Homan retired from federal service in 2018.
In June 2019, during a phone interview with Fox News, Trump said he had named Homan “border czar.” But Homan never assumed such a role.
After leaving his government position, Homan established Border 911, a nonprofit organization that says it educates “the American people about the facts of a non-secure border.”
In August 2018, Homan became a Fox News contributor. And in February 2022, Homan joined the Heritage Foundation, a conservative think tank, as a visiting fellow. He is listed as a contributor to the group’s Project 2025, a conservative policy blueprint for a Republican presidential administration.
Homan’s role in policy that led to family separations during Trump’s first term
As Immigration and Customs Enforcement’s acting director, Homan was among the people who proposed the “zero-tolerance” policy, which called for prosecuting adults who illegally entered the U.S. and led to the separation of parents from children. Children were placed in the custody of a sponsor, such as a relative or foster home, or held in a shelter, while the parents went through prosecution.

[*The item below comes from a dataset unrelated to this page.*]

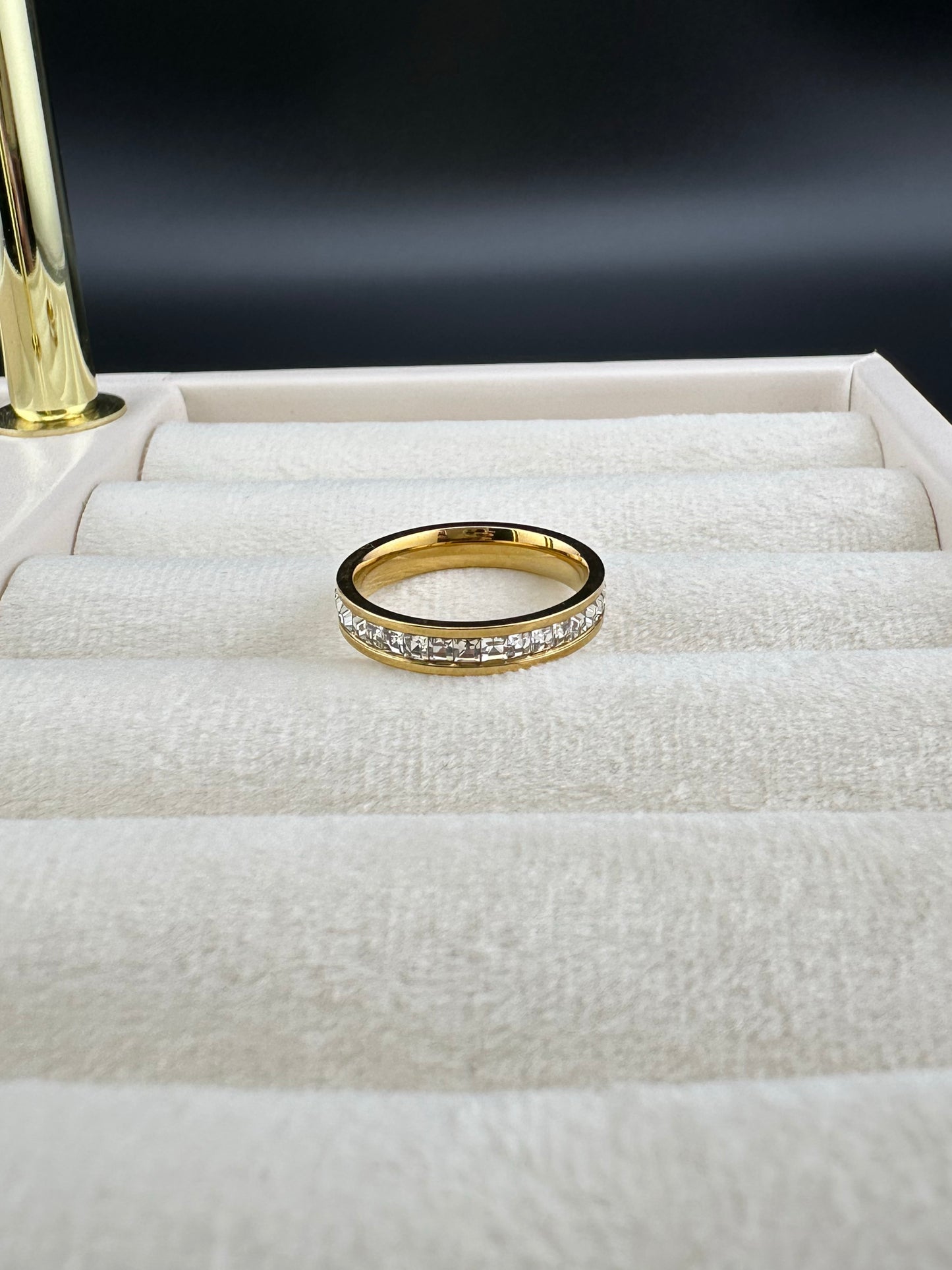 Anillo con Zirconias – Unisex | Acero Inoxidable | Chapado Oro 18K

In a Pulitzer Prize-winning article, The Atlantic said Homan suggested the policy during his time in the Obama administration, but Homeland Security Secretary Jeh Johnson rejected it. He suggested the policy again during the Trump administration.
“I recommended zero-tolerance,” to Nielsen, Homan said in a July 2019 congressional hearing.
More than 5,000 children were separated from their parents under the policy. In June 2018 Trump signed an executive order to keep children and parents together in detention. President Joe Biden’s administration rescinded the zero-tolerance policy.
Will the incoming Trump administration revive the zero-tolerance policy?
Homan told “60 Minutes” correspondent Cecilia Vega that he knows of no formal policy discussions. But when asked whether the policy should be on the table, he said: “It needs to be considered, absolutely.”
What we know about the ‘border czar’ role and Homan’s mass deportation plans
As “border czar,” Homan will report directly to Trump and work at the White House, Homan said in a Nov. 11 WWNY-TV interview.
Unlike other positions, such as Homeland Security secretary, Homan will not have to go through Senate confirmation. Homan said he will work closely with the Department of Homeland Security and its agencies, including Immigration and Customs Enforcement and Customs and Border Protection. Trump said Nov. 11 that he will appoint South Dakota Gov. Kristi Noem as the Homeland Security secretary.
Homan has said he will prioritize deporting people who threaten public safety and national security. However, he said that anyone who is in the country illegally should not feel comfortable.
“When you enter this country illegally, you have committed a crime,” Homan said Nov. 11 on Fox News. “You are a criminal. And you’re not off the table.”
Being in the U.S. without legal authorization is a civil, not criminal offense; crossing the U.S. border illegally is a criminal violation.
Homan also said the Trump administration will conduct workplace immigration raids.
He said he would not carry out mass neighborhood sweeps or build “concentration camps.” But in April, Trump told Time magazine that building mass deportation camps was not out of the question.
Millions of people live in mixed-status families, meaning people share a home with at least one family member who is in the U.S. illegally, according to the nonpartisan Migration Policy Institute.
In the “60 Minutes” interview, Vega asked Homan whether there’s a way to carry out mass deportations without separating families.
“Of course there is,” Homan said. “Families can be deported together.”